The Imperial Court
Napoléon created the Empire with the help of military colleagues and supporters, and he depended on them to help rule it. Some of his core circle of generals, whom he made Marshals of the Empire, were at his side from his early years to the final battle at Waterloo. Most of the Napoléon's friends remained loyal to the end, although a small number of his most renowned generals and counselors, like Foreign Minister Charles Maurice de Talleyrand-Perigord and General Jean Bernadotte, became notorious for their betrayal.
Although the Emperor lived in surroundings that befit his title, he maintained many of his Spartan ways. He never ceased to drive himself and those around him tirelessly, accomplishing a phenomenal amount in just a few years. Some, however, who surrounded him, including Joséphine, Talleyrand and his close, long-time advisor Jean Jacques Cambacérès, gained a reputation for their taste for the high life and fine food.

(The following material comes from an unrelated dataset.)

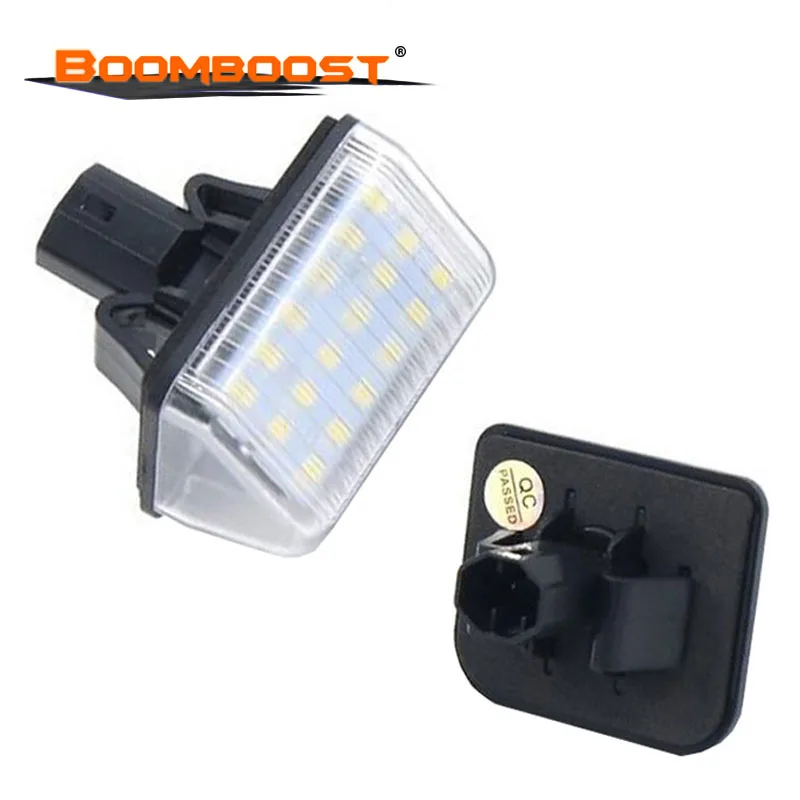 Автомобильный светодиодный номерной знак автомобильный Стайлинг 2 шт.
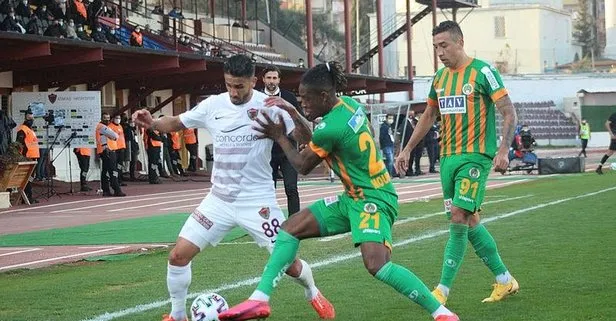 Hatayspor 0-0 Alanyaspor | MAÇ SONUCU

Marshal Louis Alexandre Berthier
Alix, after Baron Antoine-Jean Gros - 1797
It is doubtful whether the French military command system would have functioned to the degree of excellence it did under Napoléon without Marshall Louis Berthier, his indispensable chief of staff. A veteran of the American Revolution, Berthiers brilliance lay in his ability to translate the Emperors quick, decisive orders into easily understood messages to subordinates. During campaigns, he worked in the Emperors eight-horse coach, which was like a mobile hotel, rarely leaving his side. He was with Napoléon from the First Italian Campaign in 1797 until just before the Battle of Waterloo in 1815, when he was either murdered or committed suicide.